TH: How did the 18seconds project come about, and what are its goals?
Lawrence Bender: I was having lunch with Amy Iorio, general manager of Yahoo! News to discuss how we could work together. She told me about Yahoo's new interactive map. She had been thinking of ways to "green" America by getting individuals to connect through Yahoo's new technology. So I pitched her this idea....to create a feedback mechanism. Every time somebody bought a CFL, they would be able to go to this site and see how many CFLs were bought, plus how much money, energy, and CO2 gasses were saved in their area. I brought the idea to Wal-Mart, which quickly embraced it as part of its own CFL awareness campaign. The campaign later expanded to include government agencies (DOE, EPA), AC Nielsen and Environmental Defense. Many others have joined the 18Seconds network and will continue to join.
We believe the CFL is the Trojan horse into the minds of the American public — once you get somebody who feels good about making a difference and at the same time saving money, you have them thinking what else can they do. Our goal is to empower individuals and get them to take action. We want to educate consumers about both the cost savings and environmental benefits of purchasing ENERGY STAR qualified CFLs over incandescent bulbs, and to motivate Americans to make the switch.

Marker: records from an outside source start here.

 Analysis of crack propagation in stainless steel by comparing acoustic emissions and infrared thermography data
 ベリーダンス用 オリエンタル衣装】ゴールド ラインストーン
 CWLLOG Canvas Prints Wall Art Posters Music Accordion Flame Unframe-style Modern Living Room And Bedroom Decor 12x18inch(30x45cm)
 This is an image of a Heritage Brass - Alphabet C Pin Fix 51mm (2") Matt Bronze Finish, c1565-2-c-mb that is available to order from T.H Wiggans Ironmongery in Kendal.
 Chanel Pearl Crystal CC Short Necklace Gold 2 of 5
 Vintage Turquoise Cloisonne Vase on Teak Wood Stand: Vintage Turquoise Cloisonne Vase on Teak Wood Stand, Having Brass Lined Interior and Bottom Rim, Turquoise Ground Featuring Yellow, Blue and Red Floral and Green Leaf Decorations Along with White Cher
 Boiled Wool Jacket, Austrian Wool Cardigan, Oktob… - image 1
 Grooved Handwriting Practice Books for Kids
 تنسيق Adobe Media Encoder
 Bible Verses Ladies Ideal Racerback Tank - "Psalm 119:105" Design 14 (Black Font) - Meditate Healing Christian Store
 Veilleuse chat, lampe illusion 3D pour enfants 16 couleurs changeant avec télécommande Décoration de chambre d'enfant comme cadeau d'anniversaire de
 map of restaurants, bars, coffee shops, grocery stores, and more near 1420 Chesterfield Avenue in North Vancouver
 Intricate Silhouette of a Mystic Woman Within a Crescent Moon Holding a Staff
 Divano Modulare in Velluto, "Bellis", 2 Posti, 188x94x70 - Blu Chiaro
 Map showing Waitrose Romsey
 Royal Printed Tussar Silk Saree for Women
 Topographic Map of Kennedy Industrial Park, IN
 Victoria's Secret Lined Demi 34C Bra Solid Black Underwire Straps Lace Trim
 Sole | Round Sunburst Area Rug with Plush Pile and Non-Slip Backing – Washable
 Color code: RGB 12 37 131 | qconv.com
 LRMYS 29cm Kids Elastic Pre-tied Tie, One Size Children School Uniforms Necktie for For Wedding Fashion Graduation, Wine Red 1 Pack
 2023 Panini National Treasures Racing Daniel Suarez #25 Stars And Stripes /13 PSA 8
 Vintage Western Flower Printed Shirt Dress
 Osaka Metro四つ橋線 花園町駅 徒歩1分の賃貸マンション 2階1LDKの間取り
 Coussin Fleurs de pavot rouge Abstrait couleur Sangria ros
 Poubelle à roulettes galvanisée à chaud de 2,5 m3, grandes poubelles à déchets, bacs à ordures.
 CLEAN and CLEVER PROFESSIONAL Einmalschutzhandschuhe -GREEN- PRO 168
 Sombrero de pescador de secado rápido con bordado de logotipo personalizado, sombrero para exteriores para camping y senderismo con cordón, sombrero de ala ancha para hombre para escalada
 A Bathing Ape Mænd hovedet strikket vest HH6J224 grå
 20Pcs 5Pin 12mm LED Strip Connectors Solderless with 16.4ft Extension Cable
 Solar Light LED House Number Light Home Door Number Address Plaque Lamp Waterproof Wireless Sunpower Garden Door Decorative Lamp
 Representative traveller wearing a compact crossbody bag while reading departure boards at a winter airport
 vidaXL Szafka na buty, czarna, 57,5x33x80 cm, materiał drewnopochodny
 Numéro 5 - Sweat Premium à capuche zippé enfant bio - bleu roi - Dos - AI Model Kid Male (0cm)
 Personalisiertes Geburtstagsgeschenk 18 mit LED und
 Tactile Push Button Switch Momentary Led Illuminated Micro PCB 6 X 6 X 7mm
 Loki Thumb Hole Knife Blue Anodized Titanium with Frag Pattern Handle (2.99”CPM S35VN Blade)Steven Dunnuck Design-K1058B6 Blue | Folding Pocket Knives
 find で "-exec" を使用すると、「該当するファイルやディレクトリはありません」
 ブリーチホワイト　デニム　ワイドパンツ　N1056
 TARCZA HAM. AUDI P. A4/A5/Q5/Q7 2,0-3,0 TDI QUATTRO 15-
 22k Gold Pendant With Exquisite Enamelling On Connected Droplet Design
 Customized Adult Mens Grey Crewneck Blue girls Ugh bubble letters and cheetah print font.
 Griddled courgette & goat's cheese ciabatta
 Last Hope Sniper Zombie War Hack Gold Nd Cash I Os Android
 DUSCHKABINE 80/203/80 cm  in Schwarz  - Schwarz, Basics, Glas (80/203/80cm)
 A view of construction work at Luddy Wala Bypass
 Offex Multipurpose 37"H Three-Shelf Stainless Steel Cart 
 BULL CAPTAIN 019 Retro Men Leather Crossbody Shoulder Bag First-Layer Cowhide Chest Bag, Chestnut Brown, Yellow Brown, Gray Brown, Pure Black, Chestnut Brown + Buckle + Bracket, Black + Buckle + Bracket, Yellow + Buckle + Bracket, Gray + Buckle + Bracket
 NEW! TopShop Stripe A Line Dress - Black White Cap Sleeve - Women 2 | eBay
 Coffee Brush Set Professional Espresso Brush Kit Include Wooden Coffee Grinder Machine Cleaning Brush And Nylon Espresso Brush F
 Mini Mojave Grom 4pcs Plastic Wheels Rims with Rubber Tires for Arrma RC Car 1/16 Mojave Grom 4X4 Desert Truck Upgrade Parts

TH: Who are the main players behind 18 seconds?
LB: Charter members include myself, Yahoo!, Wal-Mart, AC Nielsen, the EPA, the Department of Energy, and Environmental Defense. Also, we presented 18seconds.org at the U.S. Conference of Mayors 75th Winter Meeting in Washington, D.C. So far mayors of at least 12 cities have committed to supporting 18Seconds.org by launching campaigns in their respective cities.
TH: How are the statistics compiled?
LB: AC Nielsen currently receives sales data from most grocery store, drug and mass merchandise retailers, and is in the process of modeling the remaining sales data. At this time, the data does not reflect most DIY (hardware) retail sales. As more large retailers decide to participate over the coming months, additional data will be added to improve the accuracy of the figures, allowing the site to become even more valuable to consumers and grassroots organizers.
Sales data has been provided for use by this site at the Metropolitan Statistical Area (MSA) level, which is defined by the A.C. Nielsen Company as an area having a core city of at least 50,000 inhabitants within its corporate limits, or an urbanized area of at least 50,000 inhabitants, with a total population of at least 100,000.
TH: Are there plans to expand 18seconds beyond the web-presence, for example by taking energy efficiency education into schools etc?
LB: We are hopeful that the mission of 18Seconds will be embraced by groups of all kinds, from elected officials to grassroots organizations, who will use this tool to start their own campaigns. We hope they will adopt 18Seconds.org and promote it to their respective constituencies. We will be doing Public Service Announcements and using viral Internet tactics, but our hope was to make this a decentralized campaign, so that schools, officials, etc, could really take the idea and make it their own.
TH: The website does mention other forms of fossil fuel use and energy consumption i.e. transport. Will there be more to 18seconds than CFL promotion?
LB: As I mentioned, we believe strongly that the CFL is the Trojan horse into the minds of Americans — a first step in motivating people to be part of the solution to global warming. The campaign's goal is to motivate every American to switch to just one energy-efficient bulb, demonstrating that small individual actions can add up to significant environmental impact. We hope and believe that this will have a snowball effect in encouraging consumers to purchase other environmentally friendly products (e.g. a refrigerator, organic cotton, local foods, etc.) when they realize they can benefit directly AND help the planet.
TH: 18Seconds clearly plays on people's desire to lead. How important is the role of competition, and civic pride, in engaging people in environmental action?
LB: We believe that by engaging mayors, civic leaders, and local communities, and challenging them to friendly competitions, we can inspire local responsibility and individual change. The website is a great tool that then allows communities to see how they compare to others.